What you need to do: The full set of entries is to be printed exactly, with pictures excluded.

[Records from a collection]
┏━━

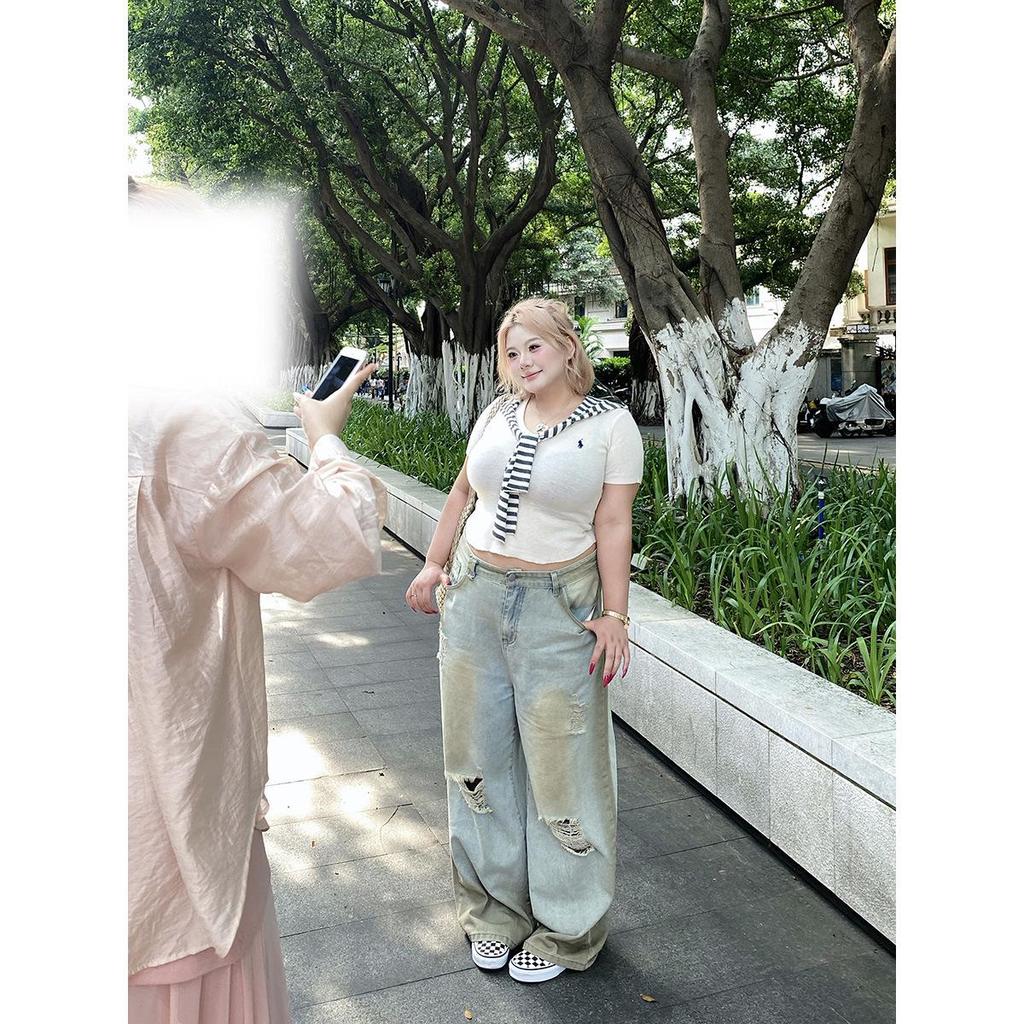 Yellow Mud Cowboy Distressed High-Waisted Wide-Leg Jeans for Women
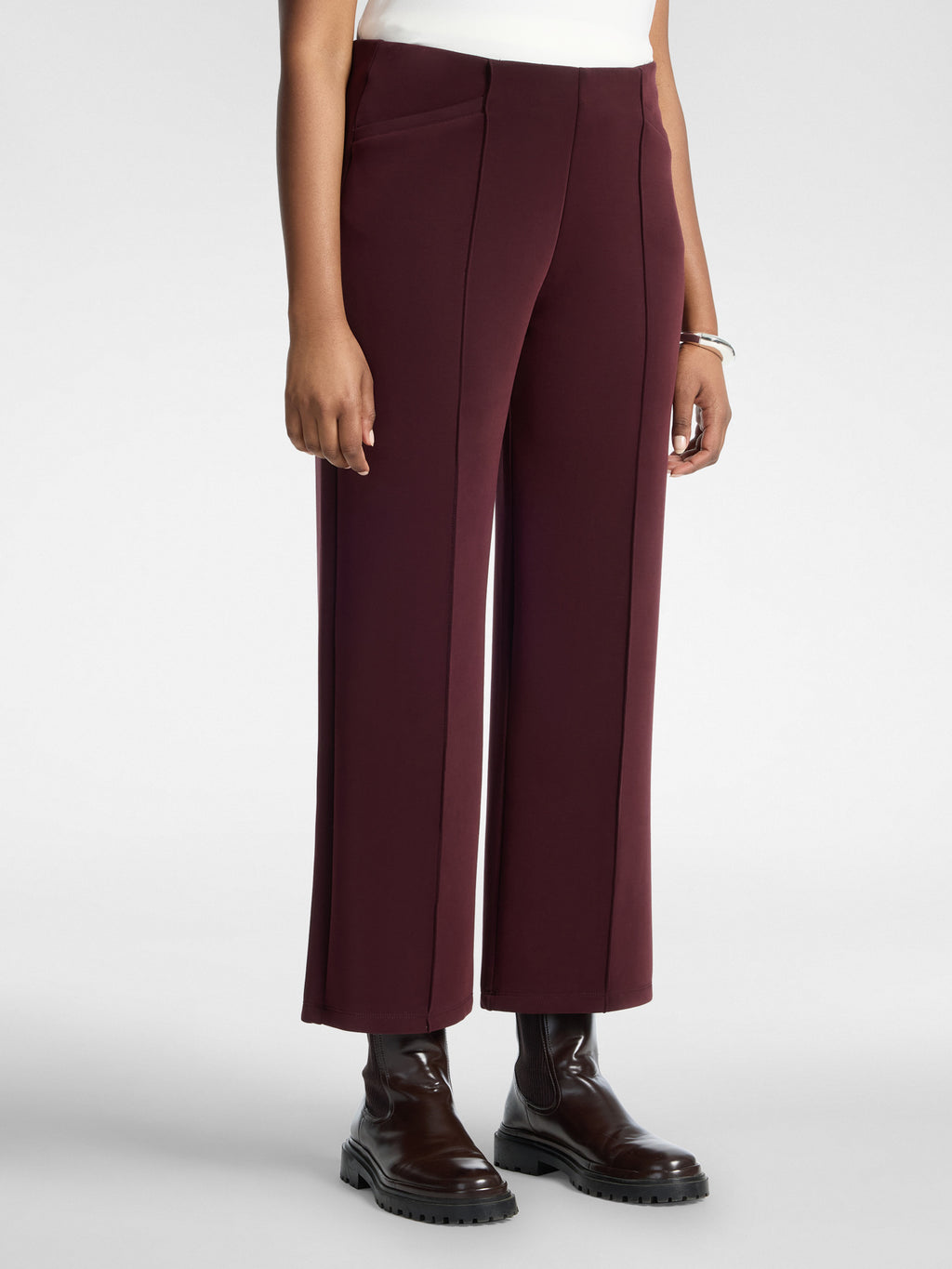 Pantaloni Cropped in Scuba Bordeaux - Elena Mirò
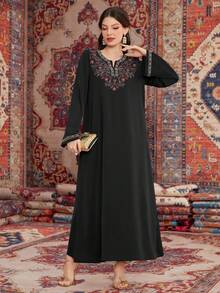 Al Najma Women's Notched Neck Floral Embroidered Elegant Long Sleeve Arabic Dress - Black - View 2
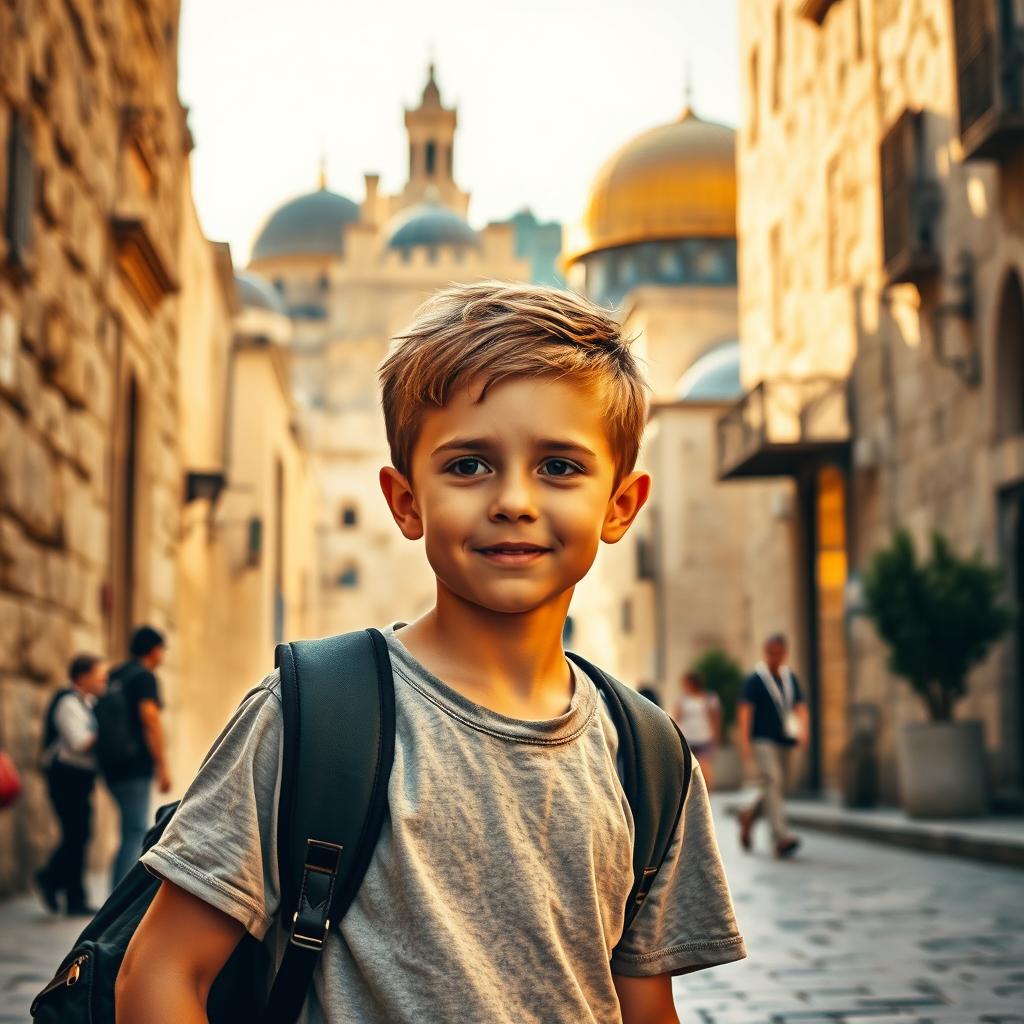 A young boy walking through the ancient streets of Jerusalem, with historical buildings and monuments surrounding him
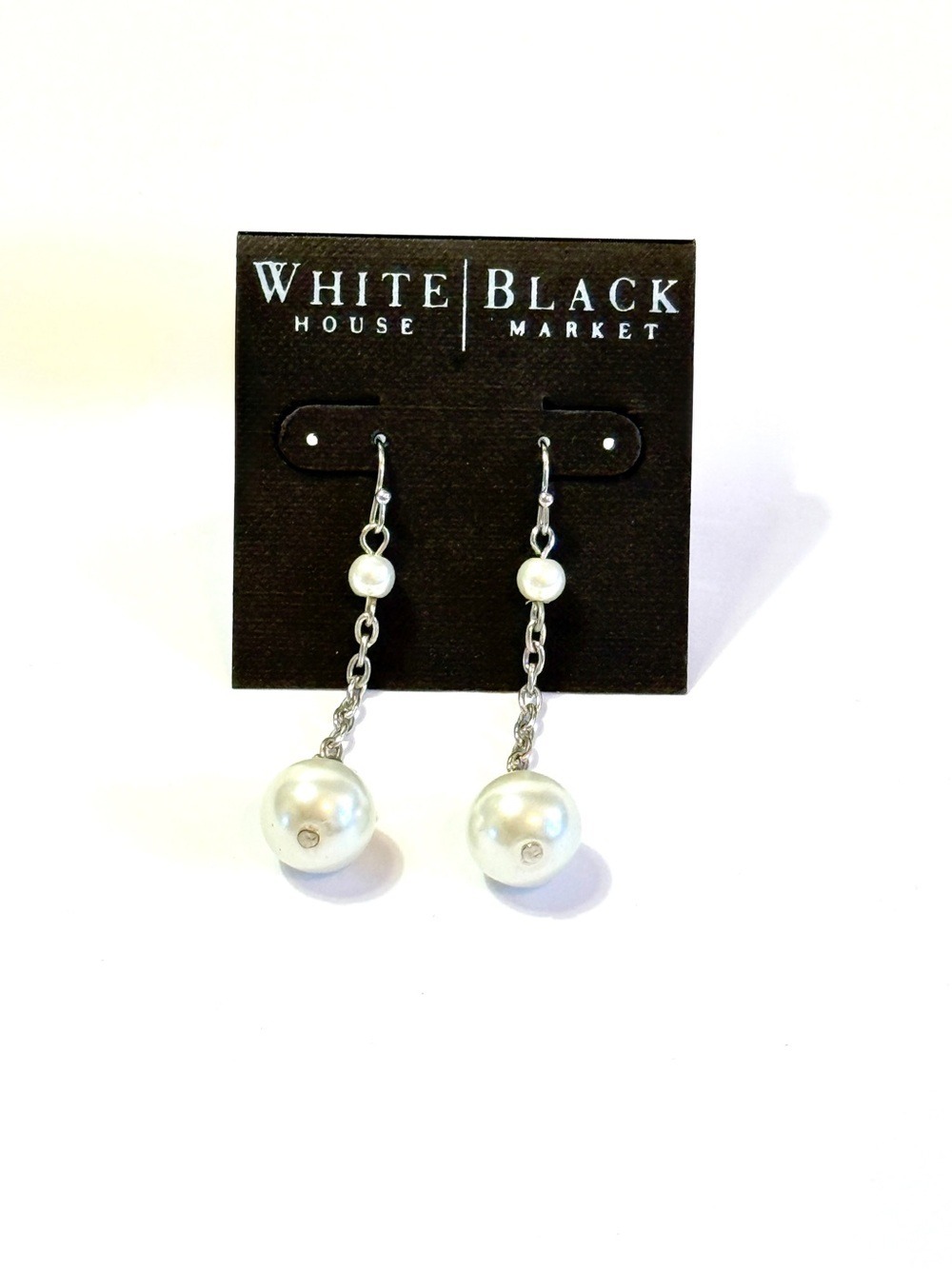 White House Black Market Pearl Drop Earrings Silver Tone - Picture 6 of 6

┗━━

Task output:
 Yellow Mud Cowboy Distressed High-Waisted Wide-Leg Jeans for Women
 Pantaloni Cropped in Scuba Bordeaux - Elena Mirò
 Al Najma Women's Notched Neck Floral Embroidered Elegant Long Sleeve Arabic Dress - Black - View 2
 A young boy walking through the ancient streets of Jerusalem, with historical buildings and monuments surrounding him
 White House Black Market Pearl Drop Earrings Silver Tone - Picture 6 of 6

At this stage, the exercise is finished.